**SUPPLIED INFORMATION:**
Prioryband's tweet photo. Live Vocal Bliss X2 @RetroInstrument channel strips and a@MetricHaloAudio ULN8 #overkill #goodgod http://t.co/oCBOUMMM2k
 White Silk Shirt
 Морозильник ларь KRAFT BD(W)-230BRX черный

**ASSIGNMENT:**
An exact copy is required of each line from the one containing "White Silk Shirt" through the last line of the material, and of no other line.

**FINISHED TASK:**
 White Silk Shirt
 Морозильник ларь KRAFT BD(W)-230BRX черный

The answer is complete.